_SOURCE DATA_
-*-*-

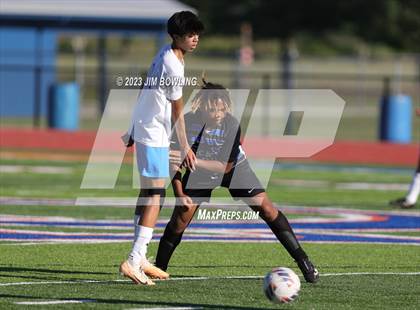 Thumbnail 3 in Decatur Eisenhower/MacArthur vs. St. Teresa photogallery.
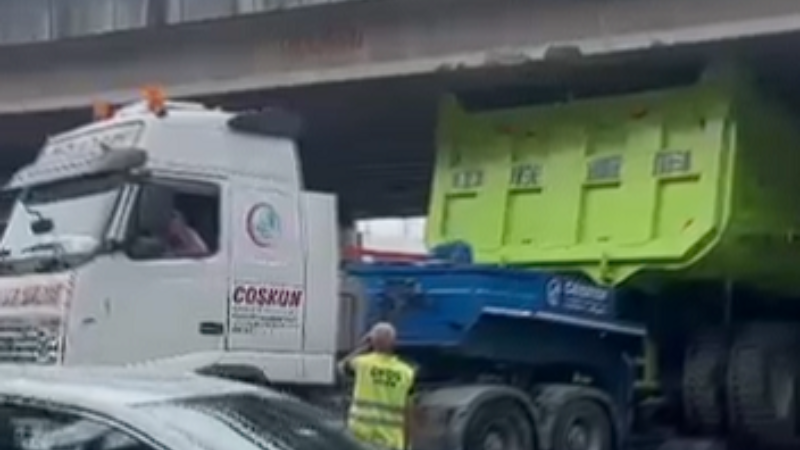 Alt geçitten geçmeye çalışan tır köprüye zarar verdi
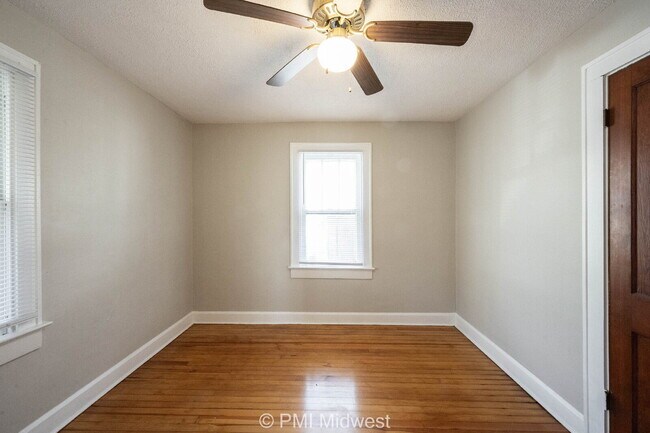 Building Photo - "Charming 2-Bedroom Retreat in Heart of In...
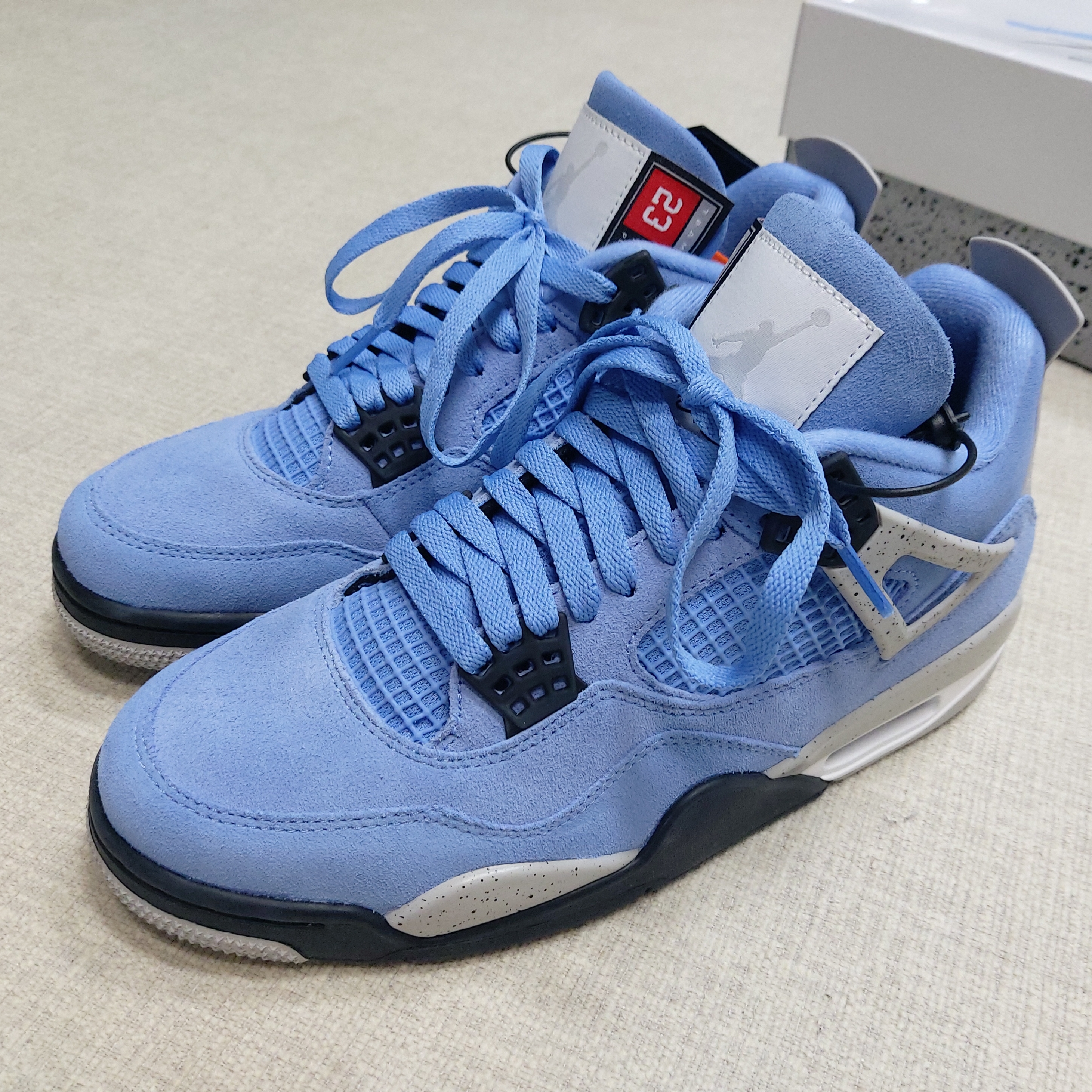 Jordan 4 Retro University Blue 착용 스타일 - 3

-*-*-

_TASK DETAILS_
A faithful, word-for-word copy of the data is needed; the pictures should not appear in it.

_OUTPUT OF THE EXERCISE_
 Thumbnail 3 in Decatur Eisenhower/MacArthur vs. St. Teresa photogallery.
 Alt geçitten geçmeye çalışan tır köprüye zarar verdi
 Building Photo - "Charming 2-Bedroom Retreat in Heart of In...
 Jordan 4 Retro University Blue 착용 스타일 - 3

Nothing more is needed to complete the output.